We tend to think of books as strictly academic, but might they occupy more than just this one domain? The exhibit “Beyond the Codex: Sculptural Book Objects in the Arts of the Book Collection” on the first floor of the Robert B. Haas Family Arts Library explores this idea by displaying various forms of book art from a wide range of artists. Running until February 20, the exhibit is being held in conjunction with the student-curated book art exhibition “Odd Volumes: Book Art from the Allan Chasanoff Collection” in the YUAG. Comprised of a long shelf and one display case, the exhibit at first can be easily overlooked, but commands attention after the first sighting. It showcases books in unique forms—ranging from an umbrella to a snow globe—and functions with the purpose of displaying trends in book arts.

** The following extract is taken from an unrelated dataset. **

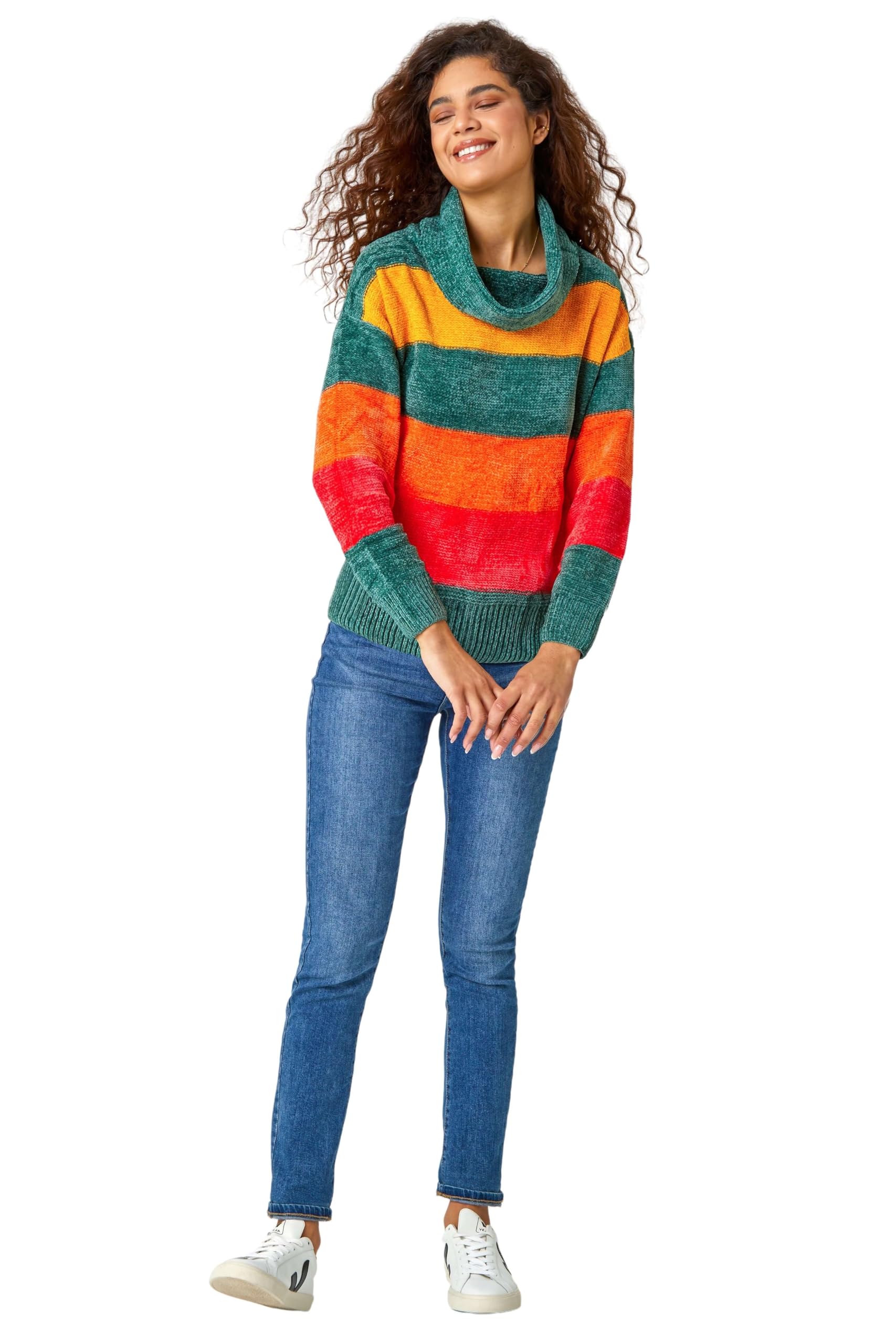 Roman Originals Women's Green Roman Chenille Striped Cowl Neck Jumper For Uk - Autumn Everyday Winter Holiday Long Sleeve Soft Ribbed Hemline Comfy Colourblock Daywear Sweaters - Size 14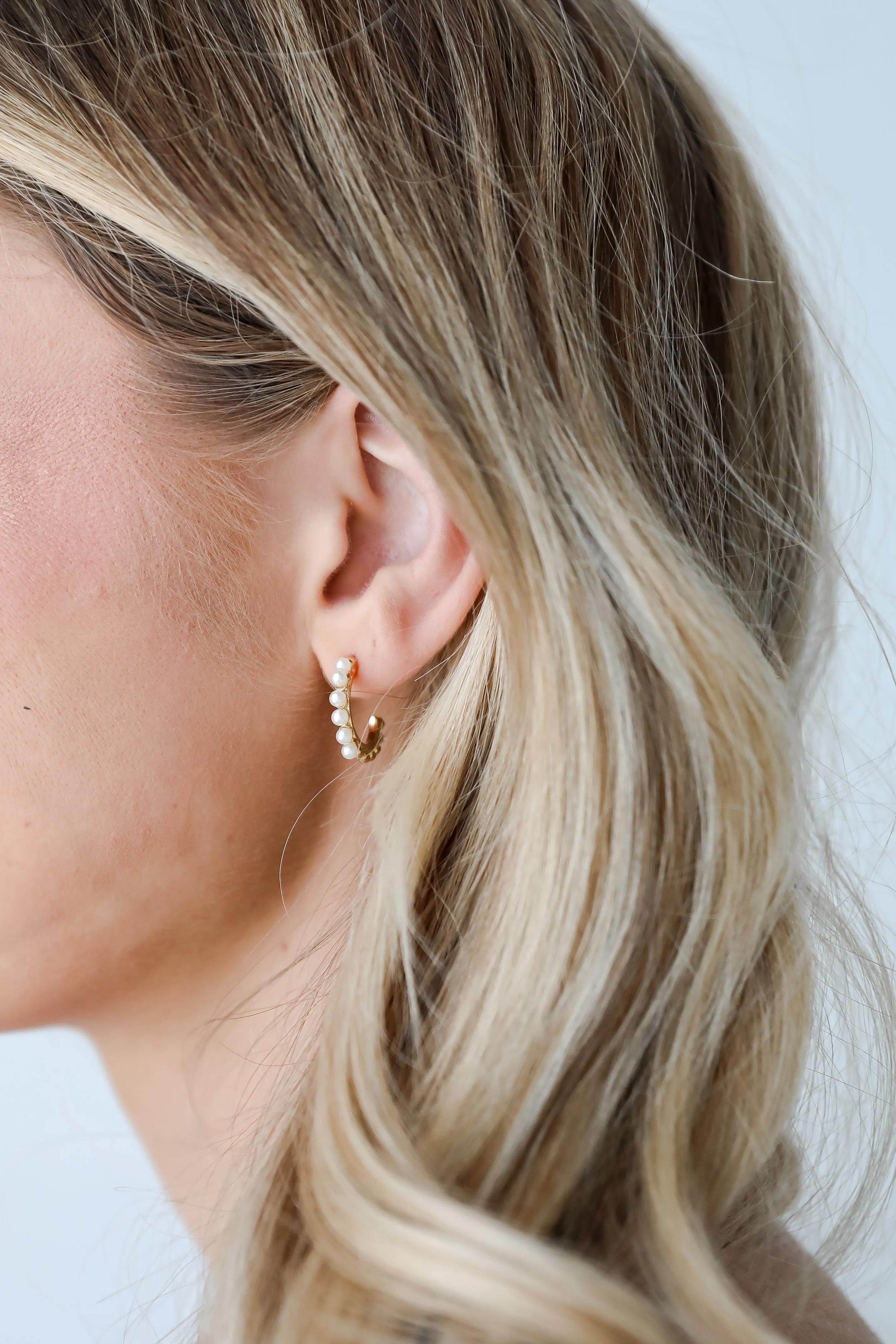 Madelyn Gold Pearl Hoop Earrings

With this goal of being all encompassing, the exhibit presents works that challenge traditional forms and views of books, and others that make the viewer appreciate the book’s original physical format. For example, one display entitled “Altered Books,” shows firsthand how an existing book can be converted into a new work of art. The piece consists of two works, both by artist Robert Thé. One is a spatula and the other, a gun made from books. They highlight how the book does not disappear completely from the new work of art. The display forces the viewer to think of the internal nature of the book, rather than the external. Similar to the umbrella and snow globe made out of a book, these “altered books,” make the viewer question whether the societal notion of what constitutes a book is too limiting in its definition.

On the other hand, certain displays made me appreciate the richness of the original book form. As books are ever present (for some of us, probably too present) in our lives, we don’t tend to think of the significance of their structure. While we analyze the content between their pages, we often don’t appreciate or notice their form. Certain works in the exhibition, such as those by Diether Roth, made me appreciate the original format of books. Entitled “Bok,” Roth’s two pieces on display were standard books created out of pages from a foreign newspaper, with some holes cut through pages. As the change in the form is subtle, and not so immediately apparent, the viewer is forced to view the book itself as a form of art. Personally, this made me realize how I viewed books and art as disconnected and made me question a view I didn’t know I possessed.

“Beyond the Codex” is perhaps most striking in the effect it has on the viewer rather than in its physical content. Despite its small presence and private location, the exhibit forced me to contend with notions I had never before considered. While the experience won’t impact the way I relate to books completely, it did add a new dimension to the way I’m capable of viewing them.